While the snow still clings to the mountain peaks, along the valley floor below it the scenery turns from white to neon bright green, as the grass returns and trees and flowers burst into life.

Luckily, if your legs get tired on a hike, there are plenty of cable cars to get you back down to your accommodation. For me, that’s Laax’s Rocks Resort.

It’s an adventurer’s playground — ideal for families, thrill-seekers or anyone who just wants to fill their lungs with mountain air.

More a mini village than a resort, it boasts everything from the world’s longest treetop walk (1.56km) to skate parks, trampolines, basketball courts, swimming pools and more hiking and biking trails than you could ever tick off in one trip.

The hotel rooms are comfortable yet chic — and have a perfect view of the sprawling forest next door.

Relax by the sparkling lake Credit: Unknown

If you are travelling with family there’s comfortable one, two and three-bedroom apartments.

My room has the perfect view of the 30metre-drop bungee jump — and I perch myself on the window seat to read my book and watch kids and parents alike plunge off the ledge.

The room also gives me a great view of the 220-metre zipline over the skatepark and snake run.

But after a busy day of adventures through the forest, I’m starving.

Luckily, there’s nine restaurants and two coffee shops to choose from, as well as six bars and lounges.

Take your pick from Italian at the Ristorante Camino or spectacular vegetarian options at the Riders Restaurant.

From beetroot wine to local Swiss delicacies, this is a must-visit spot to chow down at.

Also on offer are Asian specialities at Ikigai, Swiss treats such as rosti potatoes at Tegia Larnags — and of course cheese fondue, at Casa Veglia.

You don’t need to look far for ways to work off all those calories though.

On a particularly gorgeous morning, we hire electric mountain bikes to explore the surrounding trails.

They snake through forests, over meadows and along ridges, each turn revealing another gasp-worthy vista.

The e-bike makes the uphill sections a breeze, while the downhills are fast and glorious.

Two hours in, we roll up to Lake Cauma — a jewel-toned lake so startlingly blue it feels almost artificial.

We refuel lakeside with a rich Toblerone mousse from Ustria La Cauma restaurant, with its terrace perched above the water.

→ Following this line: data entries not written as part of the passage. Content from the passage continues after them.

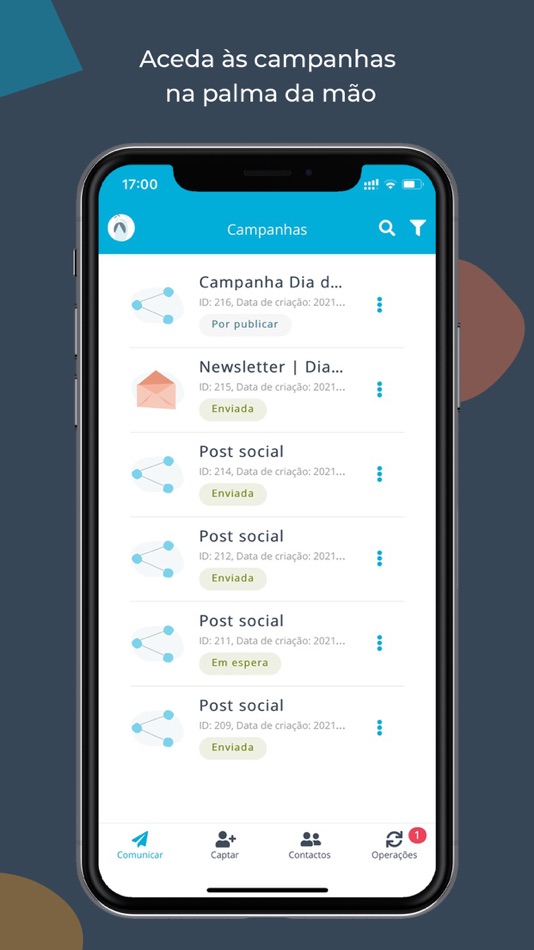 #1. TinyGoi (iOS) 由: Miguel Goncalves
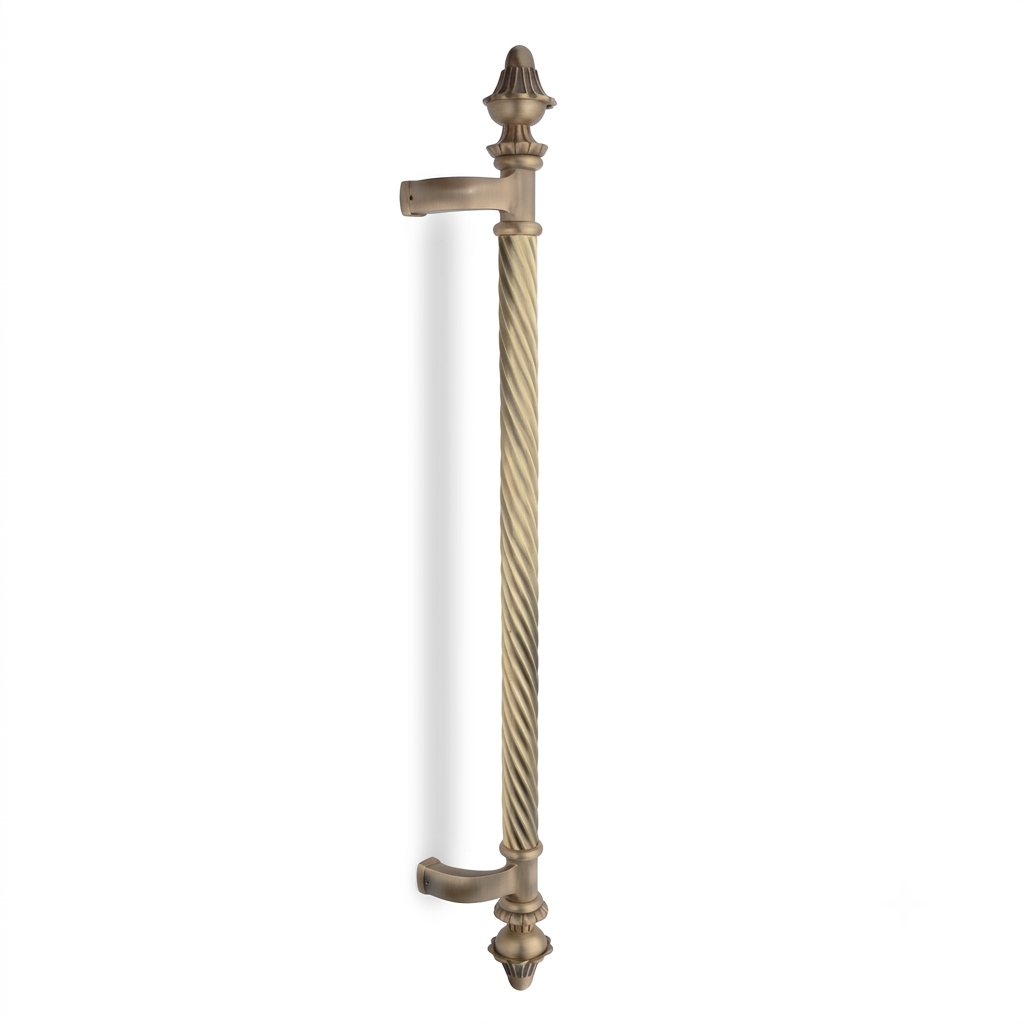 Curved Legacy Luxury Interior Door Pull Handle (Multiple Sizes)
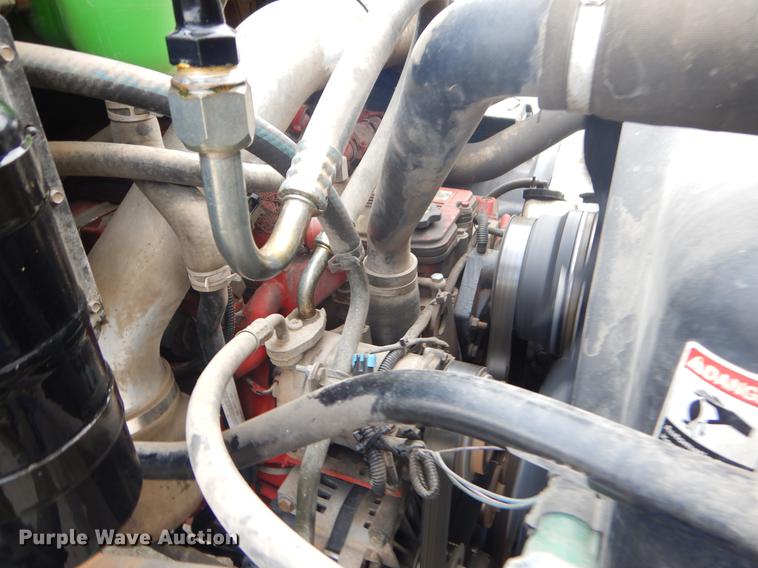 image for item EW9573 2008 Sterling service truck with crane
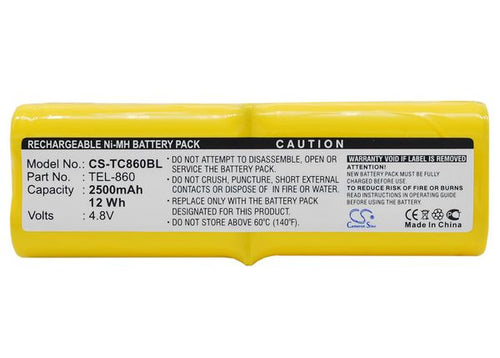 Telxon PTC860DS Battery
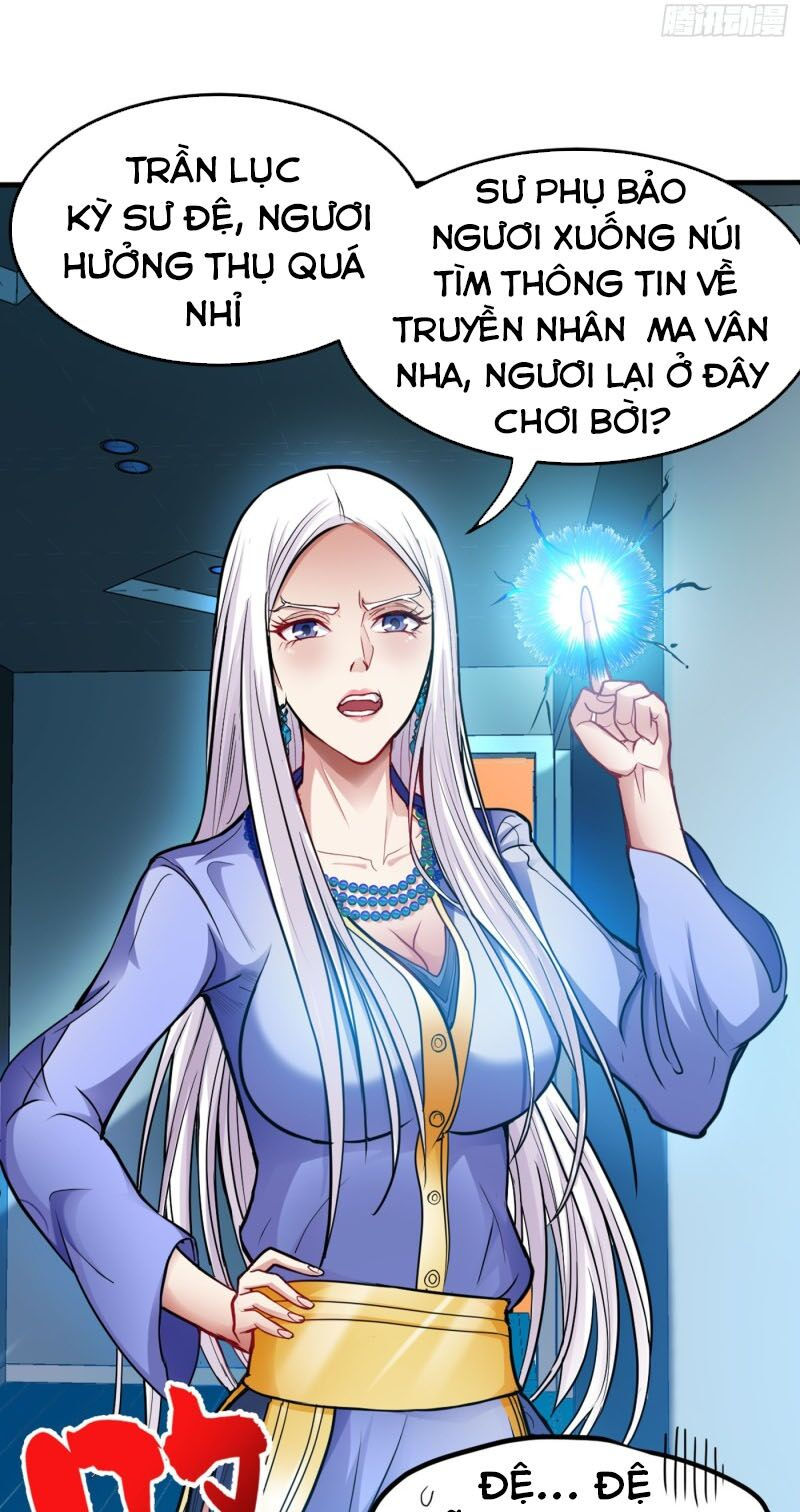 tối cường thần y tại đô thị chapter 129 15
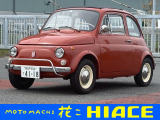 フィアット チンクエチェント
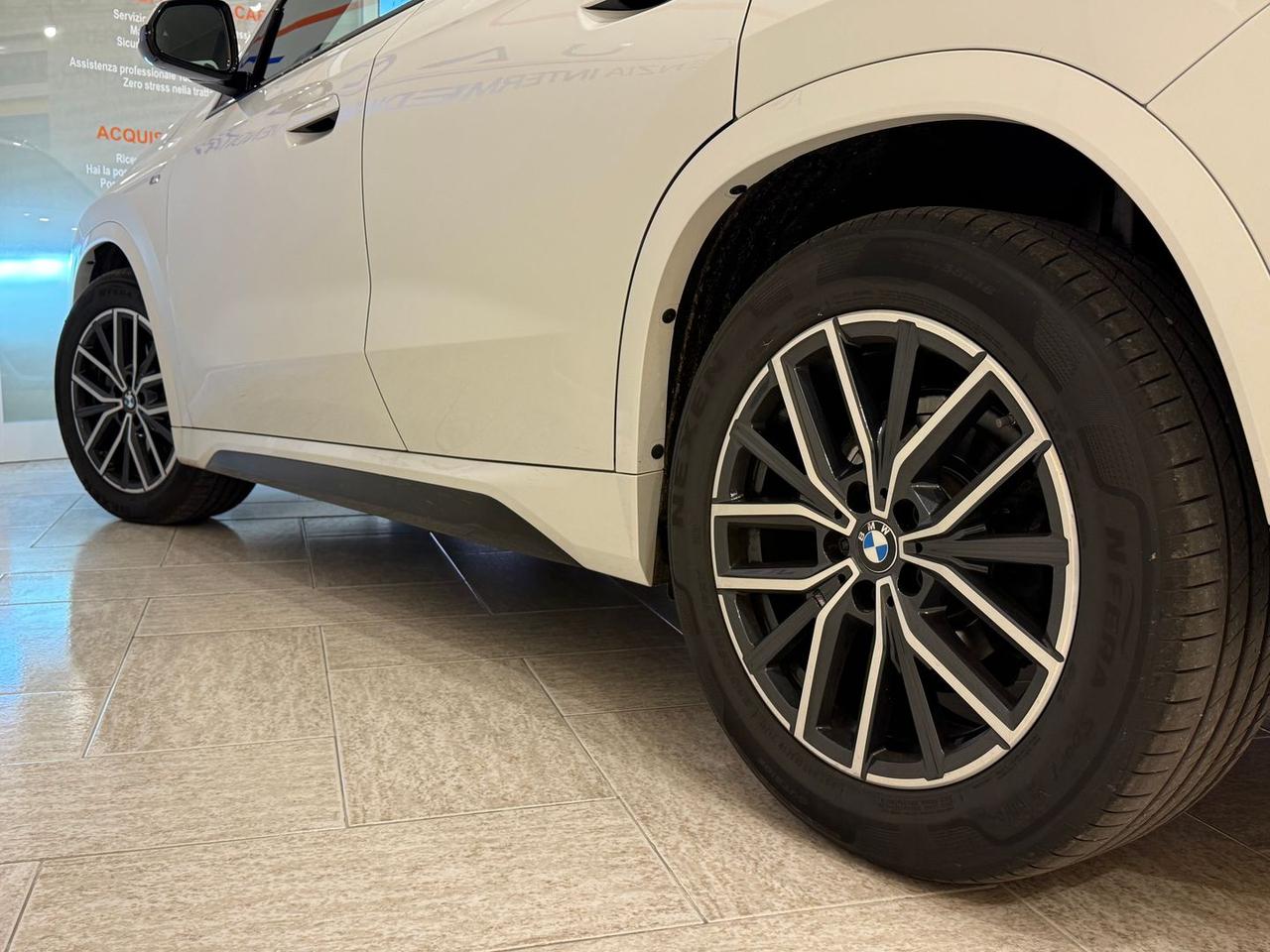 Bmw X1 M Sport 18 d #6687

Food, it turns out, is as much a part of the journey round these parts as the scenery. Menus are hyper-seasonal and full of heart.

And old traditions are not forgotten. As spring turns to summer, local farmers take their cows up to the high pastures, the cattle decorated with flower crowns and large bells.

And come the winter, for those who are keen on skiing and snowboarding, this resort will become the place to be — a perfect spot for spending a day on the slopes before scoffing down hot cheese fondue in the evening.

I will certainly be back.

GO: Swiss Alps

GETTING THERE: Swiss, British Airways and easyJet airlines all fly to Zurich, with flights out of London every day of the week (multiple times a day).

It’s then two trains and a bus to Laax, taking about 2.5 hours in total.

STAYING THERE: Rooms at the Rocks Resort, Laax, are priced from £170pppn, including breakfast and wifi.

See rocksresort.com/en.

ACTIVITIES: You can rent bikes and snow gear from Laax Rental.

See laax.com/rental.

MORE INFO: See laax.com.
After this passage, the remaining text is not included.